Problem:
The entries must be retyped exactly, down to the last line.

Excerpted records:

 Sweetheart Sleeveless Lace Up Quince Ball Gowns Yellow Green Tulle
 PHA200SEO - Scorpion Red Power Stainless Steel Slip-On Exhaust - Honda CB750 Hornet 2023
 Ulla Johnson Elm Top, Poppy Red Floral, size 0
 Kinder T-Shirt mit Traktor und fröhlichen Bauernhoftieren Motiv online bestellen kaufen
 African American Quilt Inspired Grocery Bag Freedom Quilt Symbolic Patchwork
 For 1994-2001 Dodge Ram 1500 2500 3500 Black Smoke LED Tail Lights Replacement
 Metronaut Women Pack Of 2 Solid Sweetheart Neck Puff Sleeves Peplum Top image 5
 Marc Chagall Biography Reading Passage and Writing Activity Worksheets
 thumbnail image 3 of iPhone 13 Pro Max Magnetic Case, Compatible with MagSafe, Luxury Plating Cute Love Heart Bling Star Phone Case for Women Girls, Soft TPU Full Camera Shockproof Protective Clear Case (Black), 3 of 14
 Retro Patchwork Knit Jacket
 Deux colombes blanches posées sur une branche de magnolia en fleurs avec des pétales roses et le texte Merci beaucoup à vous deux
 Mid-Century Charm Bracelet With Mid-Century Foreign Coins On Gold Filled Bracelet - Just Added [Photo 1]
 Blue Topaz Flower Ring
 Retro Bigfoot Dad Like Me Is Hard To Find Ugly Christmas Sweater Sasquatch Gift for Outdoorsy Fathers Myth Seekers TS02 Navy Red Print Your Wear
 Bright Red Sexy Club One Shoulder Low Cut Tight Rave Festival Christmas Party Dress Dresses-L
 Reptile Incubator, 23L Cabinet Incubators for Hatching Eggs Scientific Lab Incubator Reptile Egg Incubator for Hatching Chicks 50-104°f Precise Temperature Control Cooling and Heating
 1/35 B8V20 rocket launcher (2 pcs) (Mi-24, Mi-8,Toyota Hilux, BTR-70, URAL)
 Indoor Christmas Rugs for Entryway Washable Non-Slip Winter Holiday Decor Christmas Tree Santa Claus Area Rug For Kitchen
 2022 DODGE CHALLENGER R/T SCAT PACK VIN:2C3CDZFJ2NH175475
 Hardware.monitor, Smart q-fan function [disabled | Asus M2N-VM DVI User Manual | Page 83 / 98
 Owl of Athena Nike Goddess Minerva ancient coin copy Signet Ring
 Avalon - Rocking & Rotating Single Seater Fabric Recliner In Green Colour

Exercise output:
 Sweetheart Sleeveless Lace Up Quince Ball Gowns Yellow Green Tulle
 PHA200SEO - Scorpion Red Power Stainless Steel Slip-On Exhaust - Honda CB750 Hornet 2023
 Ulla Johnson Elm Top, Poppy Red Floral, size 0
 Kinder T-Shirt mit Traktor und fröhlichen Bauernhoftieren Motiv online bestellen kaufen
 African American Quilt Inspired Grocery Bag Freedom Quilt Symbolic Patchwork
 For 1994-2001 Dodge Ram 1500 2500 3500 Black Smoke LED Tail Lights Replacement
 Metronaut Women Pack Of 2 Solid Sweetheart Neck Puff Sleeves Peplum Top image 5
 Marc Chagall Biography Reading Passage and Writing Activity Worksheets
 thumbnail image 3 of iPhone 13 Pro Max Magnetic Case, Compatible with MagSafe, Luxury Plating Cute Love Heart Bling Star Phone Case for Women Girls, Soft TPU Full Camera Shockproof Protective Clear Case (Black), 3 of 14
 Retro Patchwork Knit Jacket
 Deux colombes blanches posées sur une branche de magnolia en fleurs avec des pétales roses et le texte Merci beaucoup à vous deux
 Mid-Century Charm Bracelet With Mid-Century Foreign Coins On Gold Filled Bracelet - Just Added [Photo 1]
 Blue Topaz Flower Ring
 Retro Bigfoot Dad Like Me Is Hard To Find Ugly Christmas Sweater Sasquatch Gift for Outdoorsy Fathers Myth Seekers TS02 Navy Red Print Your Wear
 Bright Red Sexy Club One Shoulder Low Cut Tight Rave Festival Christmas Party Dress Dresses-L
 Reptile Incubator, 23L Cabinet Incubators for Hatching Eggs Scientific Lab Incubator Reptile Egg Incubator for Hatching Chicks 50-104°f Precise Temperature Control Cooling and Heating
 1/35 B8V20 rocket launcher (2 pcs) (Mi-24, Mi-8,Toyota Hilux, BTR-70, URAL)
 Indoor Christmas Rugs for Entryway Washable Non-Slip Winter Holiday Decor Christmas Tree Santa Claus Area Rug For Kitchen
 2022 DODGE CHALLENGER R/T SCAT PACK VIN:2C3CDZFJ2NH175475
 Hardware.monitor, Smart q-fan function [disabled | Asus M2N-VM DVI User Manual | Page 83 / 98
 Owl of Athena Nike Goddess Minerva ancient coin copy Signet Ring
 Avalon - Rocking & Rotating Single Seater Fabric Recliner In Green Colour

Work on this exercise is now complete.